В хуторе было тихо, малолюдно. Редкие прохожие при встрече с Леоном и Аленой долго всматривались в них и, кивнув головой, молча проходили мимо. Только подростки шумели возле маслобойни и темными клубочками скатывались на санках к речке. Веселый звон их голосов несколько оживлял тихие, заваленные снегом улицы Кундрючевки. Леон смотрел на эти улицы, на расписанные морозом маленькие окна хат, на уныло шагавших к речке быков, и ему странным казалось, что он родился и вырос здесь и ходил по этим скучным улицам, далеким теперь и таким маленьким.

Игнат Сысоич был в амбаре, очищал пшеницу на посев. Услышав во дворе голос Леона, он выбежал из амбара, старчески-мелкими шагами засеменил навстречу.

– Сынок мой родимый, дочечка наша! Да откуда господь послал такую радость? – взволнованно, нараспев заговорил он.

Они обнялись, и Леон вошел в амбар. Там меж закромами висело огромное решето – кружало. В нем лежала пшеница, а на полу – отходы. Леон взял щепотку зерна, пошевелил на ладони.

– Хорошее. Загорулькино?

– Приданое. О сынок, теперь отец твой соберет не меньше ста пудов с десятины. Он же и земли обещался дать, Нефадей-то, раздобрился. Так что десятинок пятнадцать, как не больше, заложу в этом году непременно. Катька жеребенка привела – конь скоро будет, да корова телка принесла – бык скоро… А это что? Побил кто? – увидев повязку на голове Леона, спросил Игнат Сысоич.

– Ушибся.

Игнат Сысоич опять стал хвалиться Загорулькиной пшеницей.

– Это не пшеничка, сынок, а чистое золото.

– Зернышко пухленькое.

– О сынок, зернышко – ядреней не найти. И ячменек, бог дал, ничего, – важно говорил Игнат Сысоич. – Маловато трошки дал сват, ну, да нам немного с матерью надо, как Настя замуж выйдет.

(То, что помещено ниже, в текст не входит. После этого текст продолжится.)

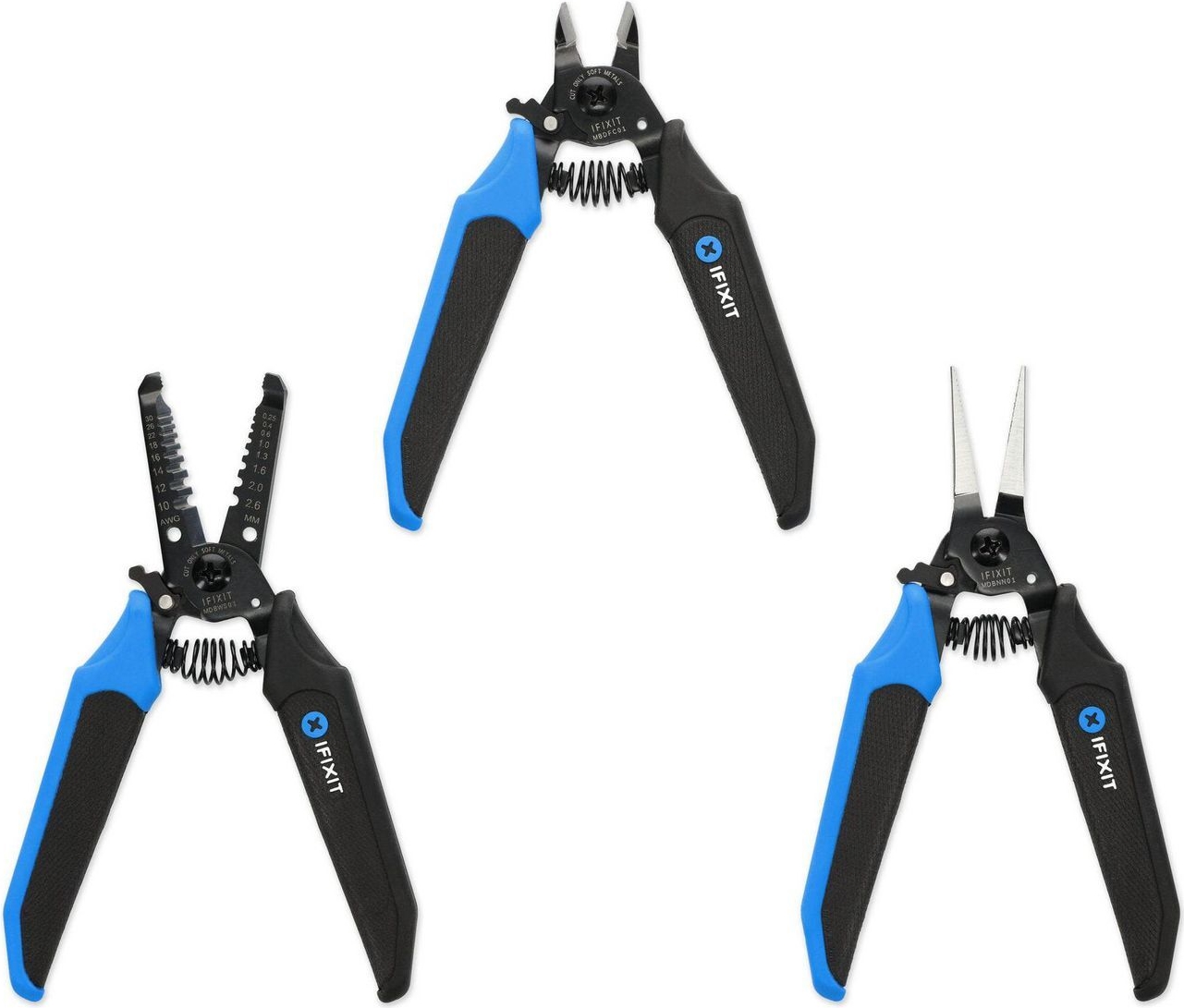 iFixit Mandible Pliers Set (IF145-550-1)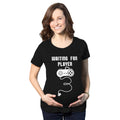 Waiting For Player 3 Maternity - Adult & Kids T-Shirts, Sweatshirts & Hoodies apparel design preview 1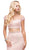 Dancing Queen - 9818 Alluring Two-Piece Off-Shoulder Formal Dress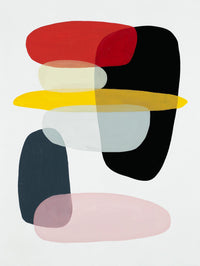 Œuvre d’art murale Giant Art « Joy And Pop I » 72 x 54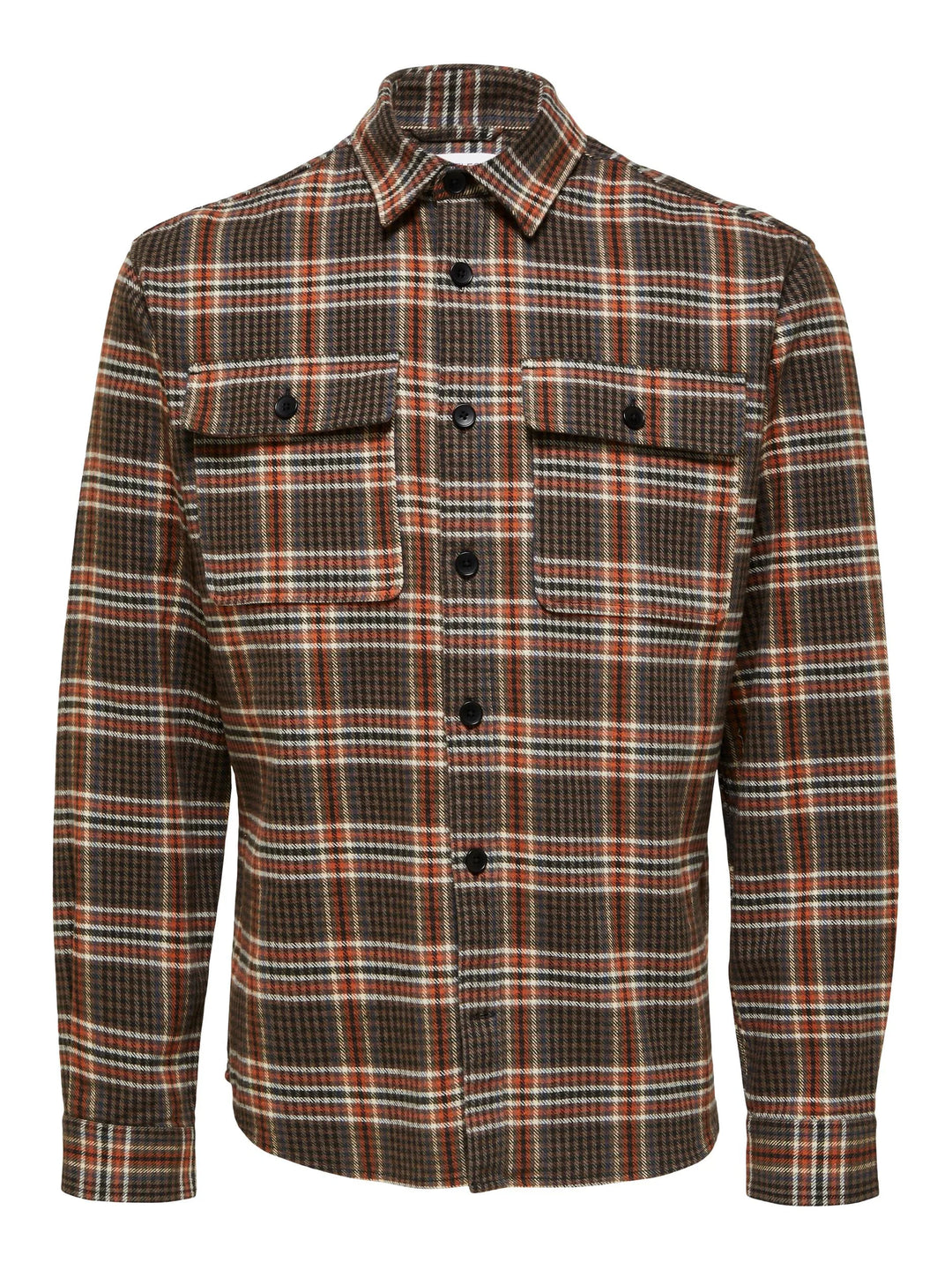 Selected Homme Overshirt Dark Sapphire image 0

– Федька пишет? Когда ему срок?

– Скоро должен прийти. На Кавказе он. Пишет, благородные люди из Петербурга ездят туда грязью лечиться. И, скажи, ума сколько у них, накажи господь, у этих благородных. Да такого добра, грязи паршивой, в любом хуторе вагоны наберутся, а они, видал, куда едут! То-то деньги некуда девать!

Леон рассмеялся, но умолк, поморщившись от боли, и дотронулся до повязки на голове.

Игнат Сысоич недоверчиво посмотрел на него.

– Кто ж это тебя, сынок? Ты не кройся от родителя, чего уж теперь. За политику это?

– Урядник плеткой.

– Да он что, сбесился? Таки ни за што ни про што бить? – возмутился Игнат Сысоич. – Эх, а говорил – зашибся!

Леон перевернул железную коробку и сел на нее. Игнат Сысоич чувствовал: с недобрыми вестями приехал сын, но ему не хотелось верить в это, и он спросил:

– Погостевать приехали?

– Забастовка была у нас, то-есть, бунт, по-хуторскому, – ответил Леон. – Рабочих тысячи полторы рассчитали с завода. Ну я отделался легко: рассчитали только. А других казаки в кровь избили, многих в тюрьму отправили.

Игнат Сысоич тяжело сел на мешок с зерном и опустил голову – сутулый, маленький, и от его приподнятого настроения не осталось и следа.

– Та-ак… – он закряхтел и достал кисет, но Леон протянул ему папиросу. – Ать же едучая какая, судьба эта проклятая, а? Ну, гонит в петлю – и шабаш! Что ж это такое: из хутора выгнали, с шахты погнали, а теперь и с завода. За чем же властя смотрят, хотя бы и царь? Живьем в могилу кладут суп-по-ста-ты.

В амбар тихо вошел Егор Дубов, поздоровался:

– Здорово дневали, соседи! С гостями вас да с хорошими новостями!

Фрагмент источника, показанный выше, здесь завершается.